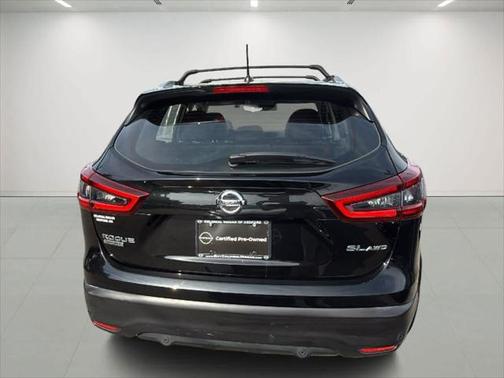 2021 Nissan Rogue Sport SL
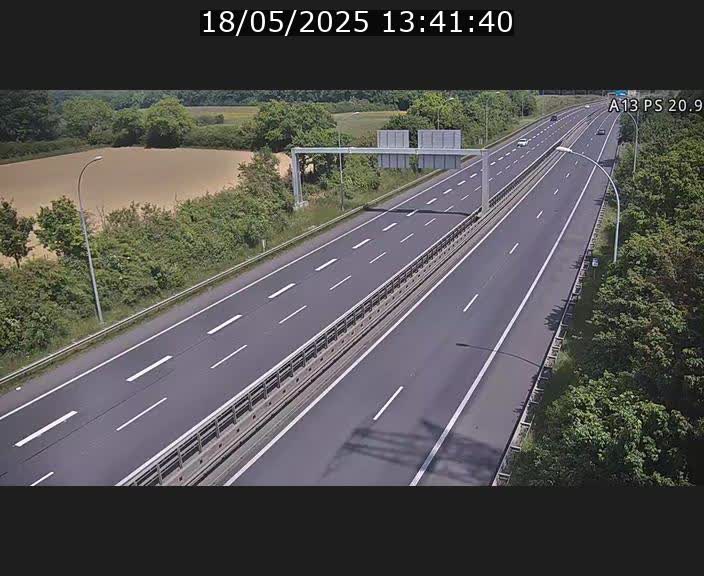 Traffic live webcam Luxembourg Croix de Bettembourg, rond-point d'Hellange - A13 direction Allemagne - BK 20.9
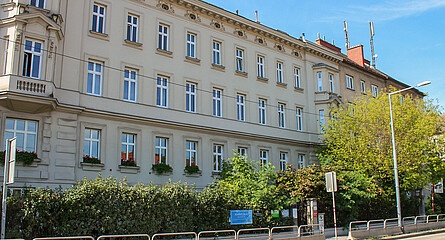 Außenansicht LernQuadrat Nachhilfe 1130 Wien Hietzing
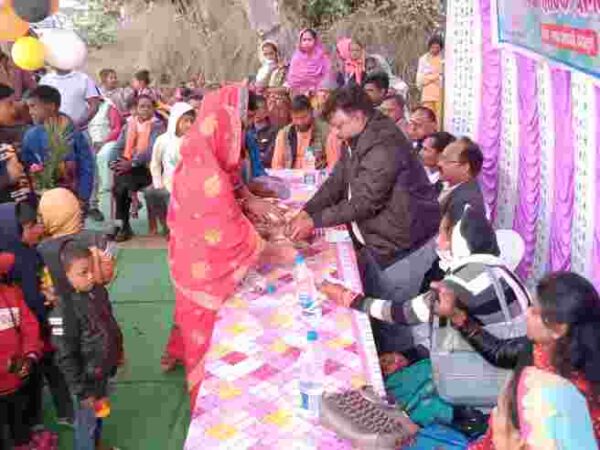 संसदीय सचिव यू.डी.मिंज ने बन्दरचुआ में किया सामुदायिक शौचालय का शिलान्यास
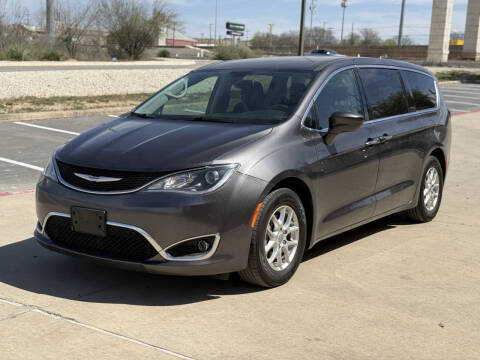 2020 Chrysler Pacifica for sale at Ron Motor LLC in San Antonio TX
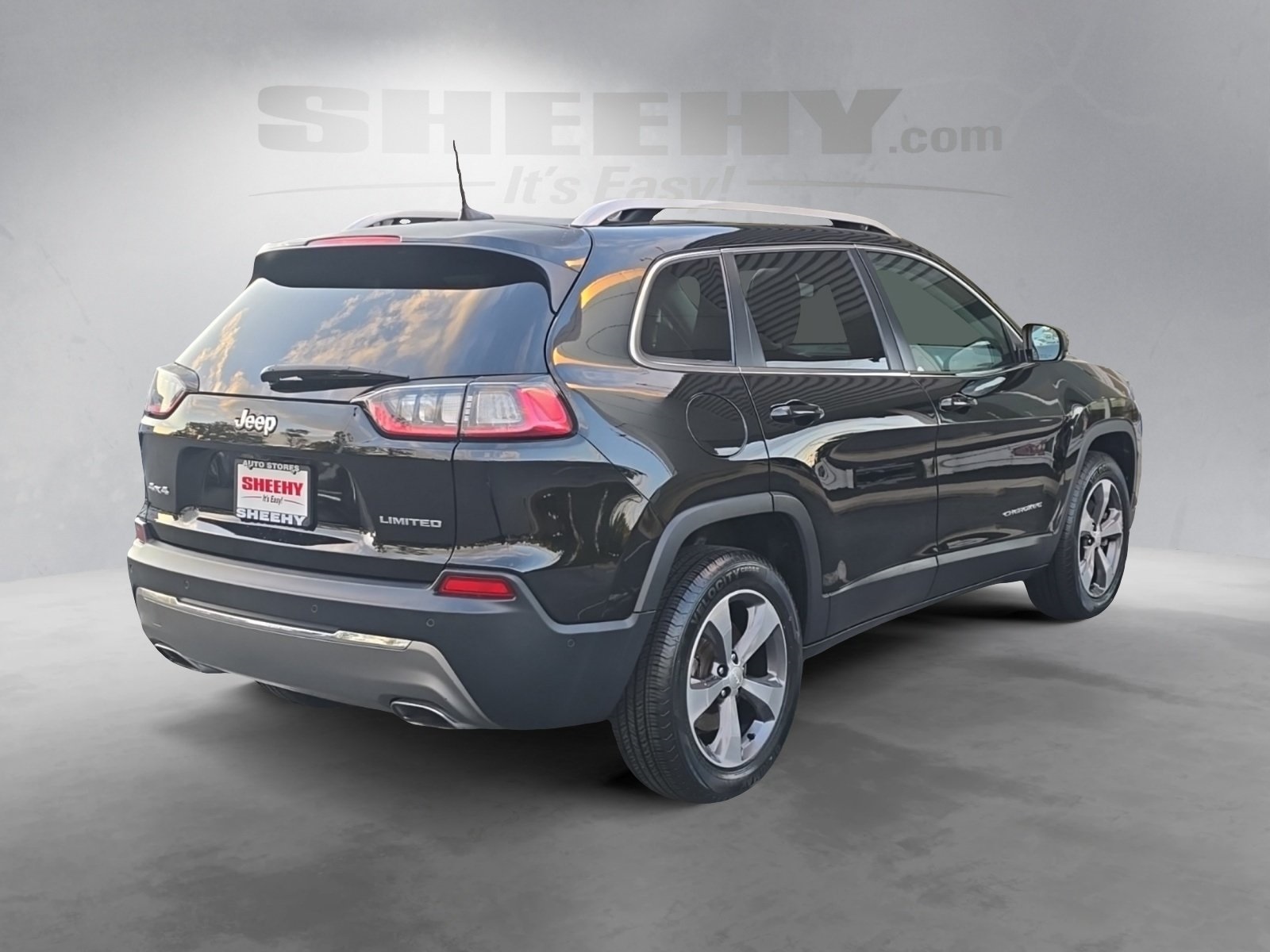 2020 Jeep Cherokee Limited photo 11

--

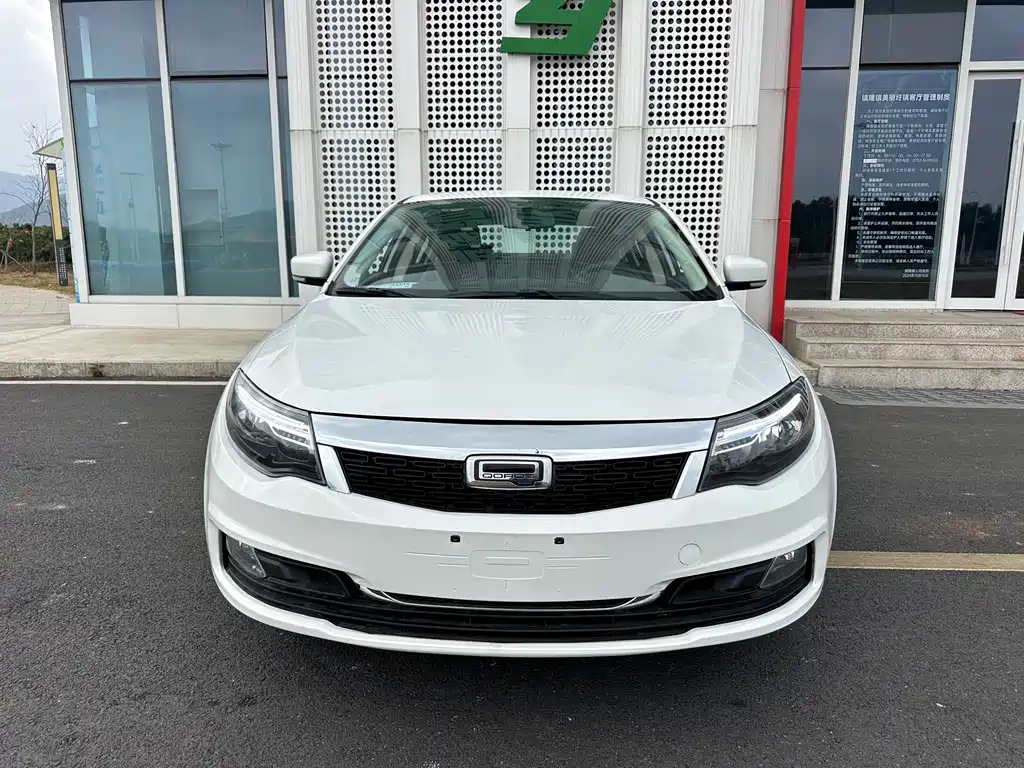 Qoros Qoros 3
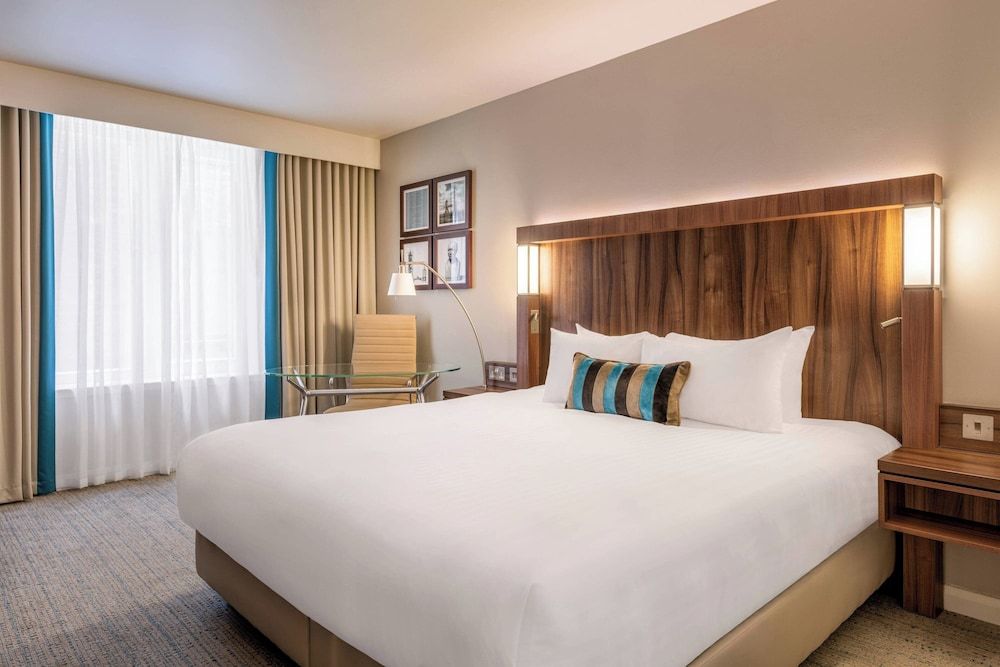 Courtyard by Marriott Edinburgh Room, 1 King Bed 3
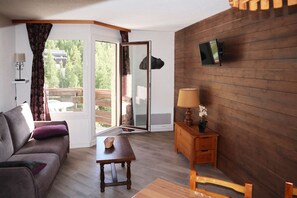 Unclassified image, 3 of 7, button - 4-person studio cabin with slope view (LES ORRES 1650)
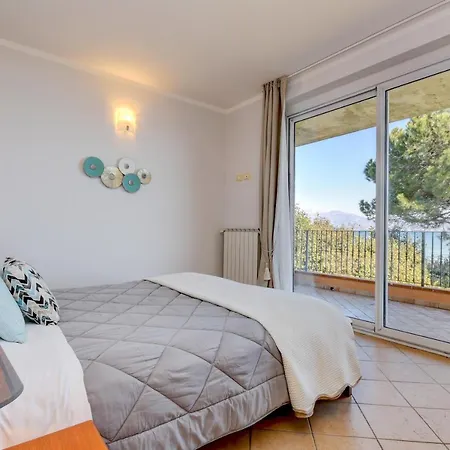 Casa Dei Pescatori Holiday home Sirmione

Task description:
Your answer must be everything above from the line with "2021 Nissan Rogue Sport SL" down to the line with "संसदीय सचिव यू.डी.मिंज", word for word, and no pictures.

Problem solution:
 2021 Nissan Rogue Sport SL
 Traffic live webcam Luxembourg Croix de Bettembourg, rond-point d'Hellange - A13 direction Allemagne - BK 20.9
 Außenansicht LernQuadrat Nachhilfe 1130 Wien Hietzing
 संसदीय सचिव यू.डी.मिंज ने बन्दरचुआ में किया सामुदायिक शौचालय का शिलान्यास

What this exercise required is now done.